1. A method for operation of a combined cycle power plant comprising:

(a) a combustion turbine generator generating electricity, forming a high temperature exhaust stream fed to a heat recovery steam generator;

(b) the heat recovery steam generator comprising heat transfer coils recovering heat from the exhaust stream and optionally duct burner fluegas from duct burner operation, such heat recovery generating streams of low pressure steam, intermediate pressure steam, and high pressure steam where duct burner fluegas is introduced downstream of at least one coil for superheating high pressure steam or intermediate pressure steam just prior to their introduction into a steam turbine;

(c) one or more steam turbine generators generating electricity from the superheated steam streams of the heat recovery steam generator; and

(d) operating the plant in a first mode-so that the duct burners are substantially firing at full capacity such that the final superheated steam temperatures are at a first and lower temperature level; and

(e) operating the plant in a second mode so that the duct burners are substantially firing at less than full capacity such that the final superheated steam temperatures are substantially higher than the first and lower temperature level.

2. The method of claim 1 wherein the streams for high pressure steam and intermediate pressure steam are heated to their final superheated temperatures in coils downstream of the introduction of duct burner fluegas.

3. The method of claim 1 wherein the final superheat temperatures are controlled by injection of liquid water into the superheated steam streams.

4. The method of claim 1 wherein the second mode of operation includes no duct burner firing.

5. The method of claim 1 wherein the second mode of operation includes no duct burner firing and operating the combustion turbine at a lower rate than that required for its highest efficiency such that the exhaust is at a substantially higher temperature than the highest efficiency operation.
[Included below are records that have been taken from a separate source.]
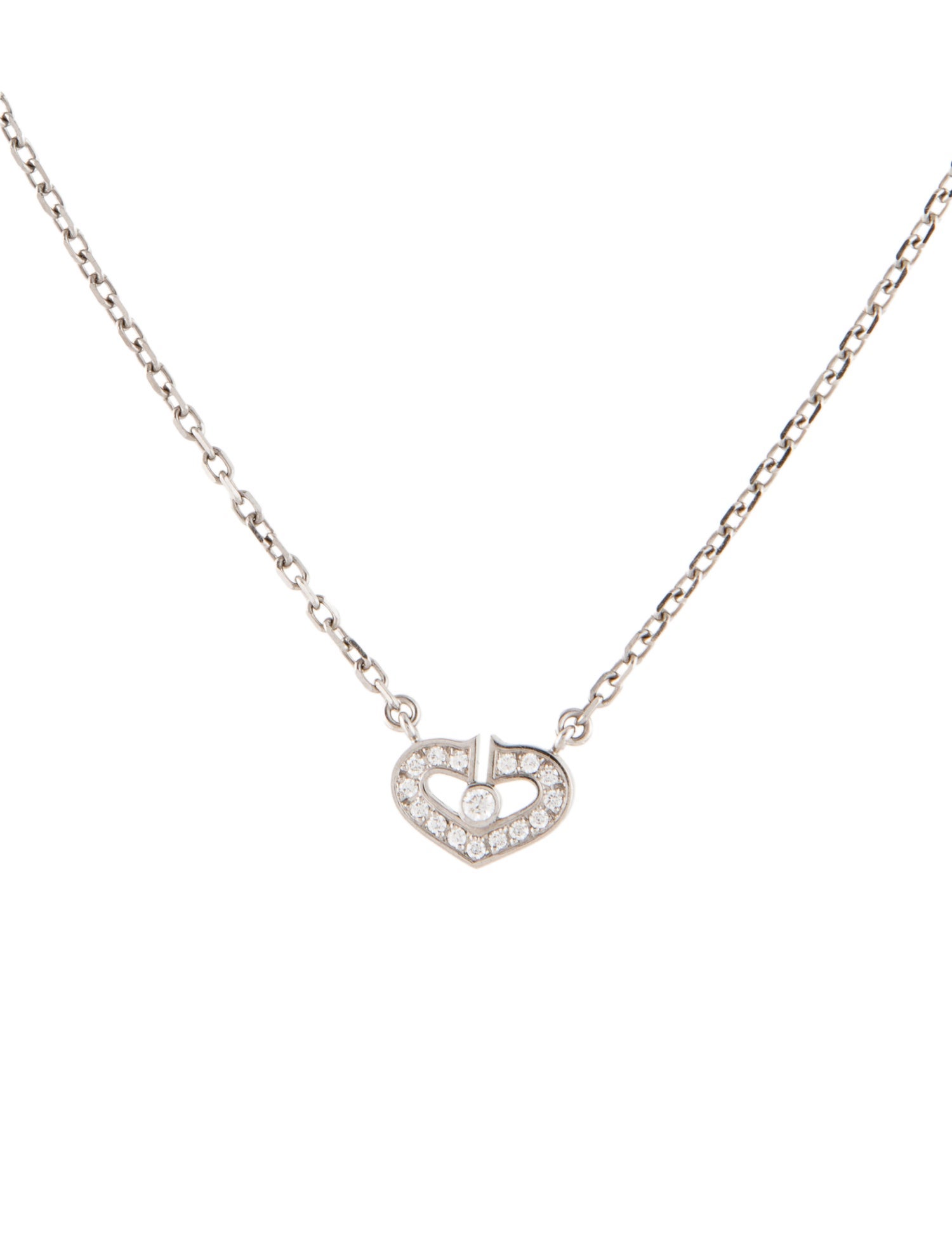 Cartier Diamond Hearts and Symbols Pendant Necklace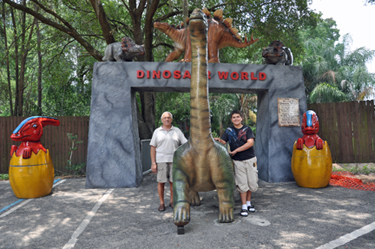 Lee Duquette and his grandson at Dinosaur World
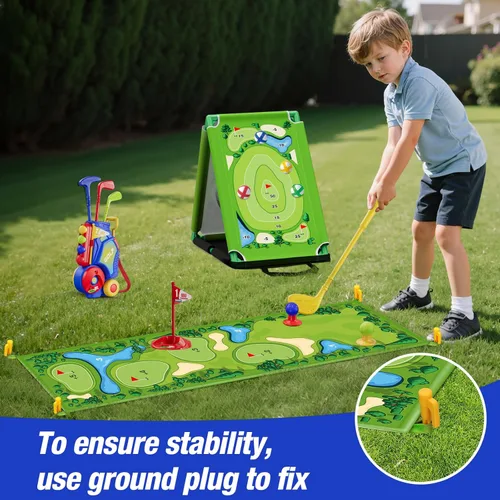Miniatura 6 de HYES Juego de golf 3 en 1 para niños pequeños con tapete de putting y juego de golf, club de golf para niños con 8 bolas, 4 palos de plástico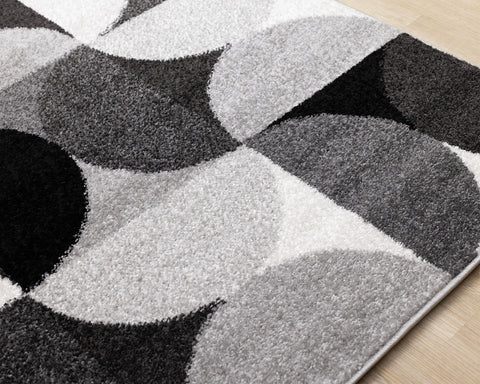 Eclipse Rug - Mid-Century Modern Grey corner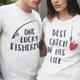 Couple T-shirt Heart Letters 2pcs Couple's Men's Women's T shirt Tee Crew Neck White Valentine's Day Daily Short Sleeve Print Fashion Casual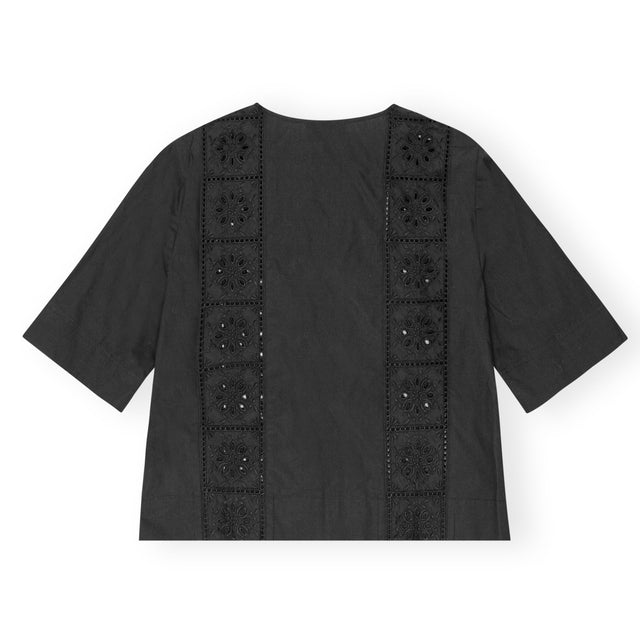 F9328 Broderie Anglaise Blouse Black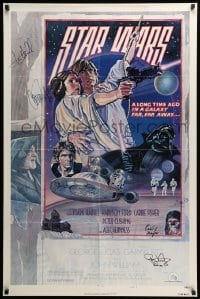 2j0159 STAR WARS signed style D NSS style 1sh 1978 by Mark Hamill, Carrie Fisher, plus FIVE others!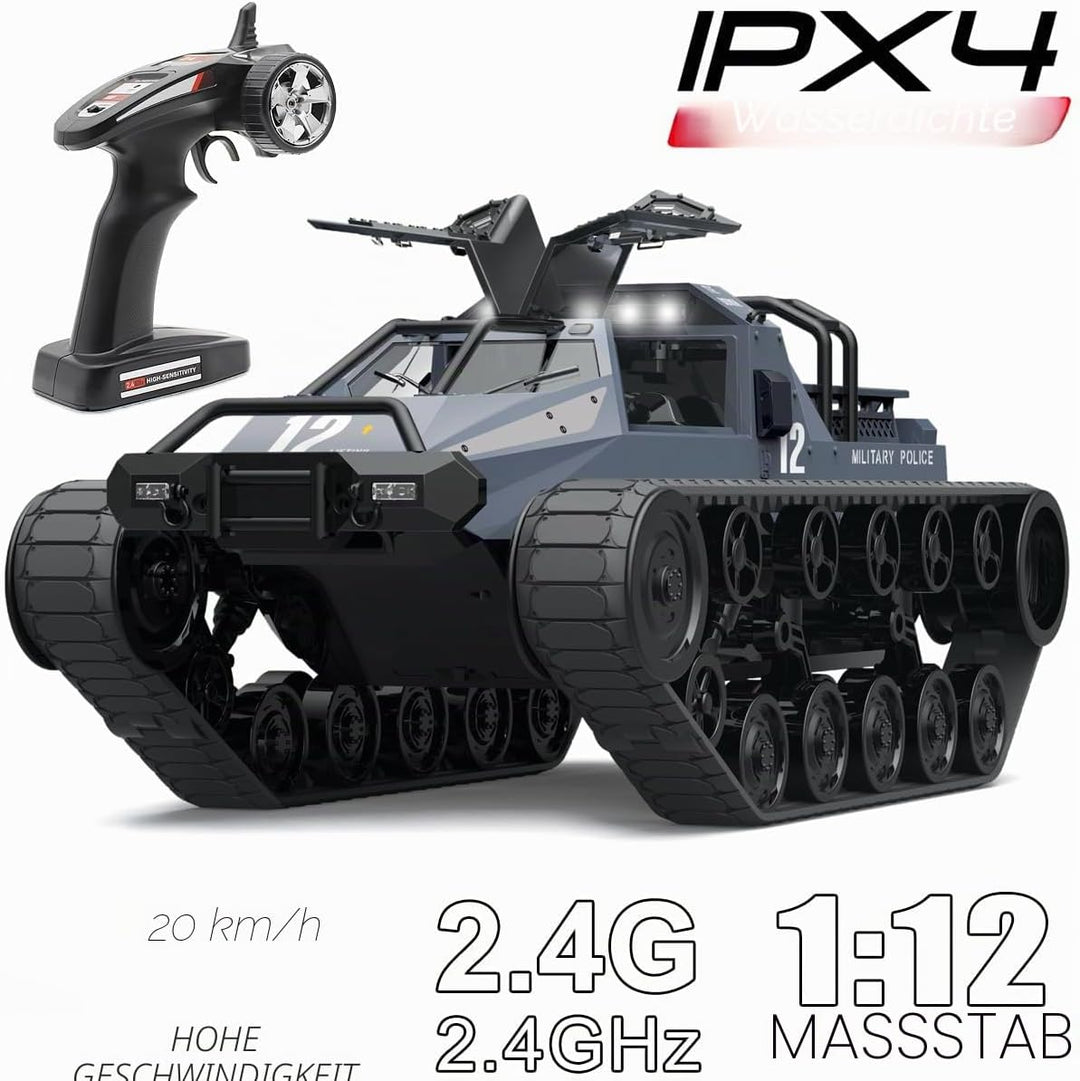 Mostop Fernbedienung Crawler High Speed Tank Offroad 4WD RC Auto 2,4 GHz Army Truck 1/12 Drift Tank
6. The method of claim 1 wherein the second mode of operation results in final superheated steam temperatures at least 20 degrees F. higher than the first and lower temperature level.

7. The method of claim 1 wherein the second mode of operation results in final superheated steam temperatures at least 50 degrees F. higher than the first and lower temperature level.

8. The method of claim 1 wherein the second mode of operation results in final superheated steam temperatures at least 60 degrees F. higher than the first and lower temperature level.